Perkins v. Commonwealth of Virginia — Affirmed convictions for first-degree murder and gang participation based on real-time direction through Instagram

Case
Anthony Elijah Perkins v. Commonwealth of Virginia
Court
Court of Appeals of Virginia
Date Decided
March 31, 2026
Docket No.
0323-25-4
Topics
Criminal liability, Gang participation, Social media evidence, Constructive presence

Background

Anthony Elijah Perkins, a member of the 9 Trey Gangster Bloods, recruited two young men, Antoine Geter and TreSean Keene, at a cookout in spring 2021, telling them they would need to “put in work” for the gang to join. Perkins issued a standing directive to Geter to kill rival gang members when ordered. On May 15, 2022, after Keene posted party photos on Instagram showing Malik Davis, Perkins messaged them inquiring whether Davis was affiliated with a rival Crip gang.
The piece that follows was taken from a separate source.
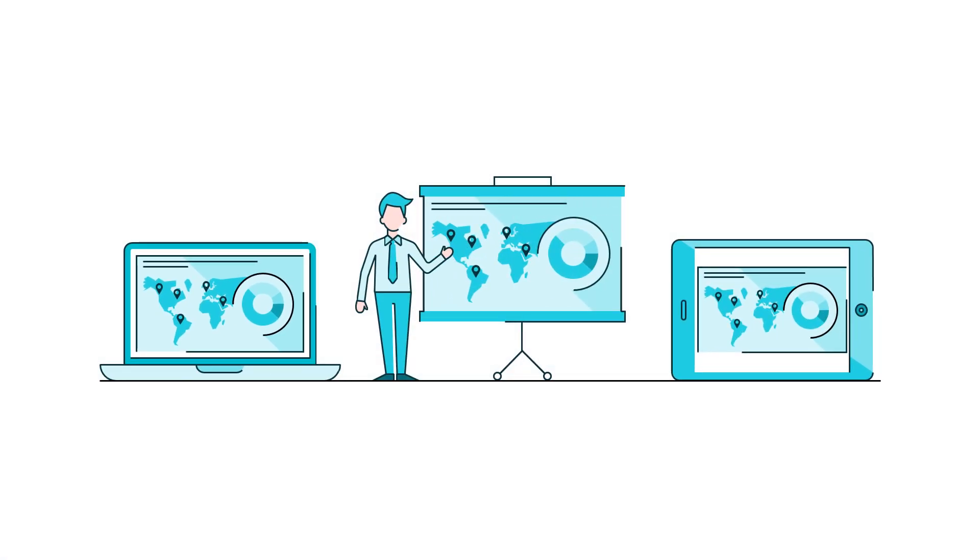And ensure that your presentation will work perfectly over a projector, on a laptop screen, or even on a mobile device.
Perkins directed them to “keep eyes on” Davis and said he would let them know “when” he wanted them to “do it” because he wanted to be present.
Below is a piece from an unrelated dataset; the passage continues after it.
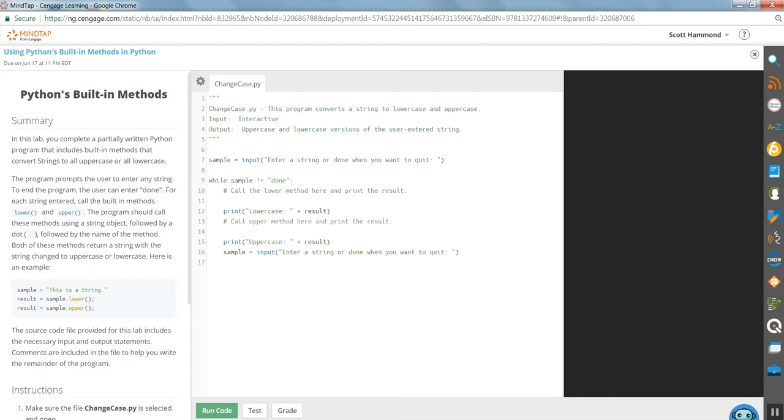So we receive sample. While sample is not done, print out lowercase plus result. What is result? All right.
Without waiting for Perkins to arrive, Geter and Keene executed their plan. Geter obtained Davis’s gun by requesting to borrow it for a picture, shot Davis’s friend Christian Roberts in the head, then fired on Davis. Keene emerged from the bathroom and continued firing. As they fled, Geter returned and “finished the job.” Geter was arrested four days later but initially withheld information about Perkins’s involvement, fearing retaliation. After months of investigation, Perkins was indicted approximately 18 months after the murders.
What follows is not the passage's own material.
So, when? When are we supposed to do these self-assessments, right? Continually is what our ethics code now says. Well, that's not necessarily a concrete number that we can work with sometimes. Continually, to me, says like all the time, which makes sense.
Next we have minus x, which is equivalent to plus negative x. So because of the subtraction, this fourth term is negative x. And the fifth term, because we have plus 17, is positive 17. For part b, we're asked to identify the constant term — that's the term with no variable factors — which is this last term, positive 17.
At trial, Geter and Keene admitted firing the fatal shots and testified that Perkins directed them through direct communication and death threats. The jury convicted Perkins of two counts of first-degree murder, conspiracy to commit murder, and criminal gang participation. He was sentenced to 70 years incarceration (10 years suspended).

The Court’s Holding

The Court of Appeals affirmed all convictions. The court held that the jury instructions on both principal in the second degree and accessory before the fact correctly stated Virginia law and were supported by more than a scintilla of evidence. Critically, the court applied the doctrine of “constructive presence”—holding that Perkins need not be physically at the crime scene if he directed the common enterprise. Perkins’s initial directive at the cookout, identification of the target, kill order, and real-time Instagram coordination (including “liking” a message from Keene at 2:41 a.m., hours before the murders) demonstrated that he remained an “active, constructively present participant in the enterprise until the moment the shooters acted.”

As to Christian Roberts, whom Perkins did not know was present, the court applied the “concert of action” doctrine, holding that Perkins could not escape liability based on lack of intent. Roberts’s death was a foreseeable consequence of Perkins’s scheme to kill an armed man in a room with other armed people. The court emphasized that “each co-actor is responsible for the acts of the others, and may not interpose his personal lack of intent as a defense.”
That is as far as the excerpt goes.